WHAT IS REQUIRED:
Restate the following entries exactly. Keep the pictures out.

-=-=-=-=-

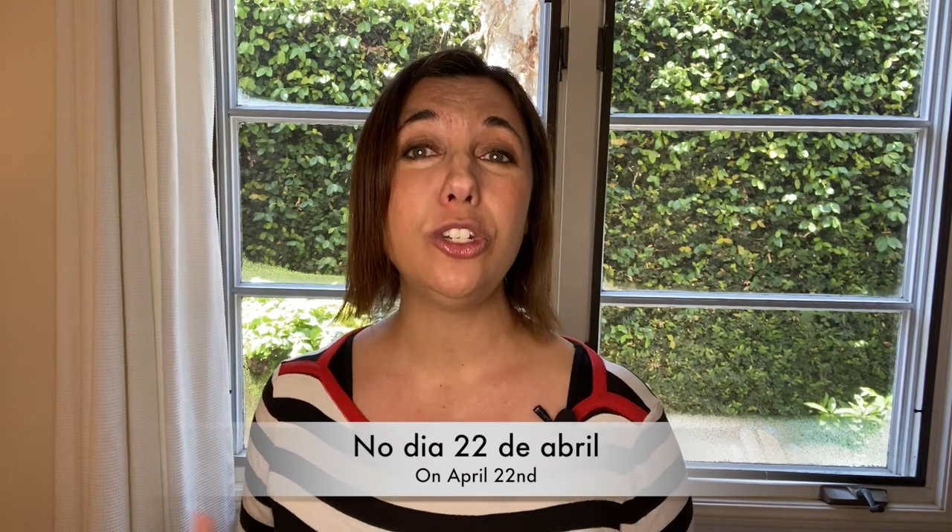At the top of your list, you can add the day in Portuguese. Por exemplo, no dia 22 de Abril.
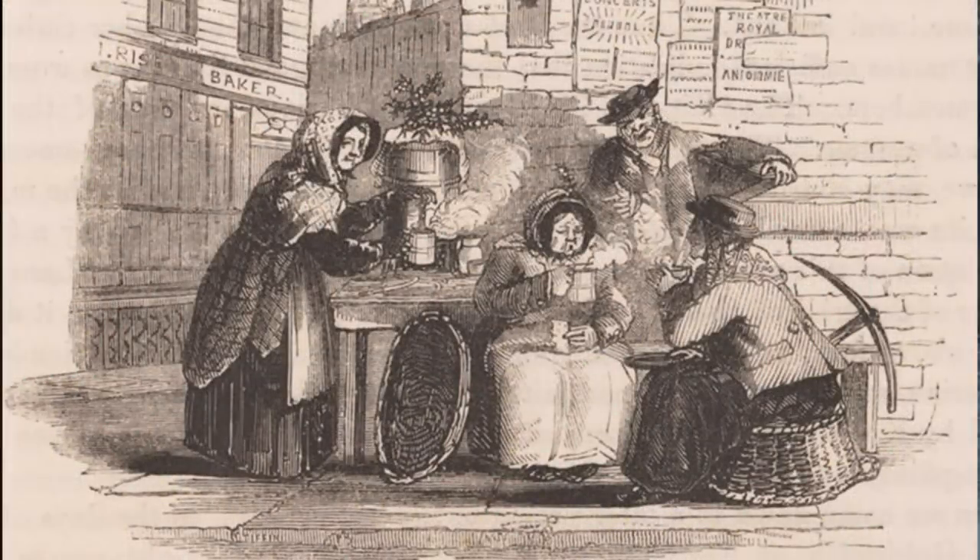People drank coffee on the go in Victorian times, though you would have to stay at the coffee stand while you drank from a mug. Coffee, tea, and cocoa were charged by the mug or the half mug, and as soon as you finished your cup, you would hand it back to be filled for the next person.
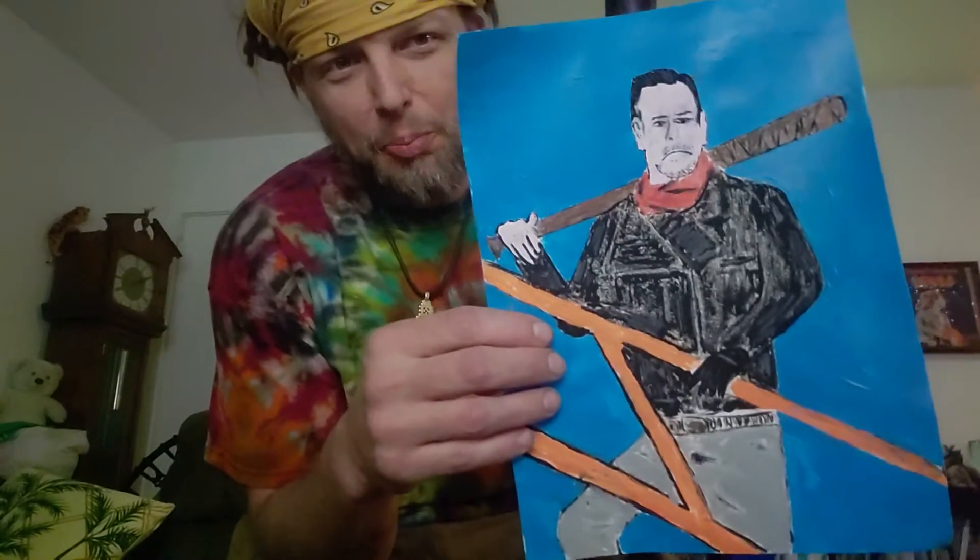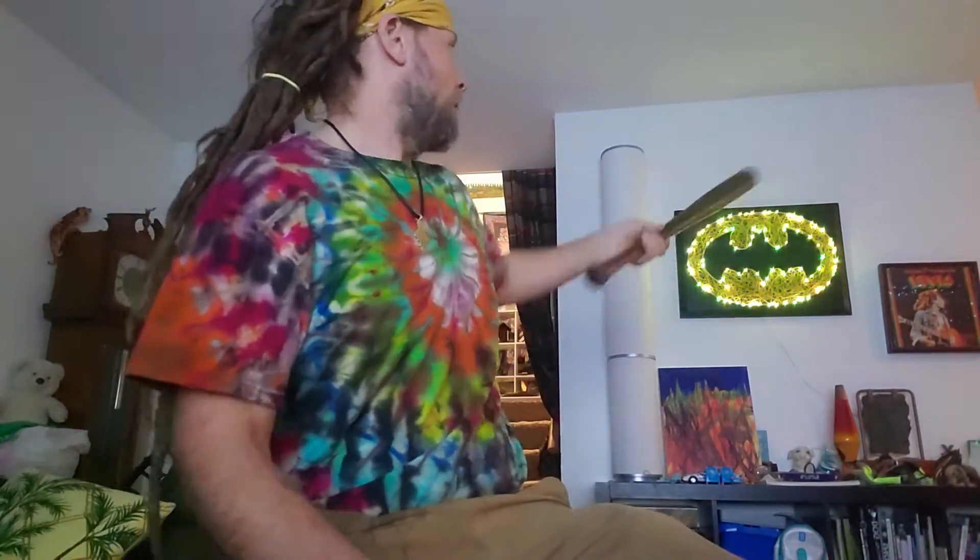And then right after I painted that, I answered an ad on the Nextdoor app, and I got this bat for free the very next morning. And I also got this Batman light-up sign. So the night before, I painted this picture of Negan with a bat, and then I got the bat, and then also the bat-man — man with the bat, Batman, bat, Batman.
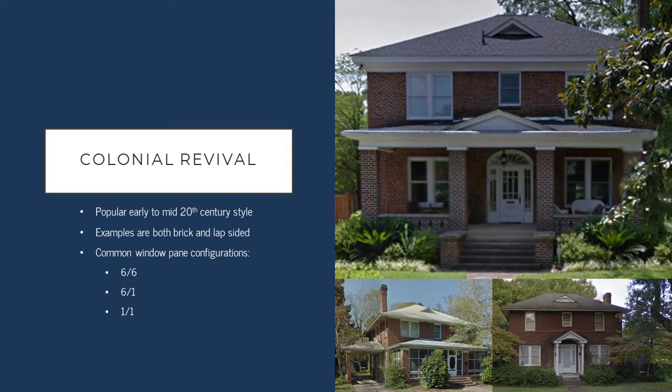Colonial Revival buildings tend to be highly symmetrical — very even on either side — and they feature details like fan lights over the doors and 6-over-6, 6-over-1, and 1-over-1 style windows.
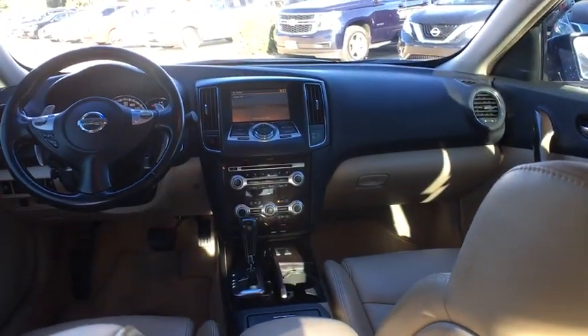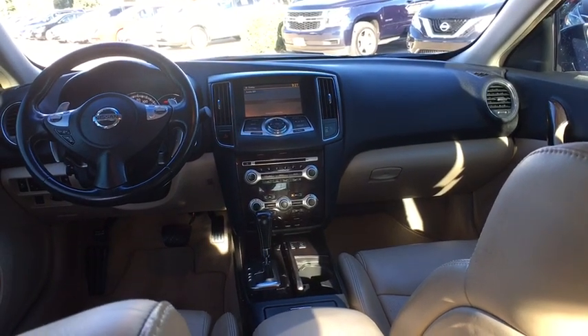power steering, keyless start, cruise control, auto dimming rear view mirror, four wheel disc brakes, aluminum wheels, AM FM stereo radio,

-=-=-=-=-

EXERCISE ANSWER:
At the top of your list, you can add the day in Portuguese. Por exemplo, no dia 22 de Abril.
People drank coffee on the go in Victorian times, though you would have to stay at the coffee stand while you drank from a mug. Coffee, tea, and cocoa were charged by the mug or the half mug, and as soon as you finished your cup, you would hand it back to be filled for the next person.
And then right after I painted that, I answered an ad on the Nextdoor app, and I got this bat for free the very next morning. And I also got this Batman light-up sign. So the night before, I painted this picture of Negan with a bat, and then I got the bat, and then also the bat-man — man with the bat, Batman, bat, Batman.
Colonial Revival buildings tend to be highly symmetrical — very even on either side — and they feature details like fan lights over the doors and 6-over-6, 6-over-1, and 1-over-1 style windows.
power steering, keyless start, cruise control, auto dimming rear view mirror, four wheel disc brakes, aluminum wheels, AM FM stereo radio,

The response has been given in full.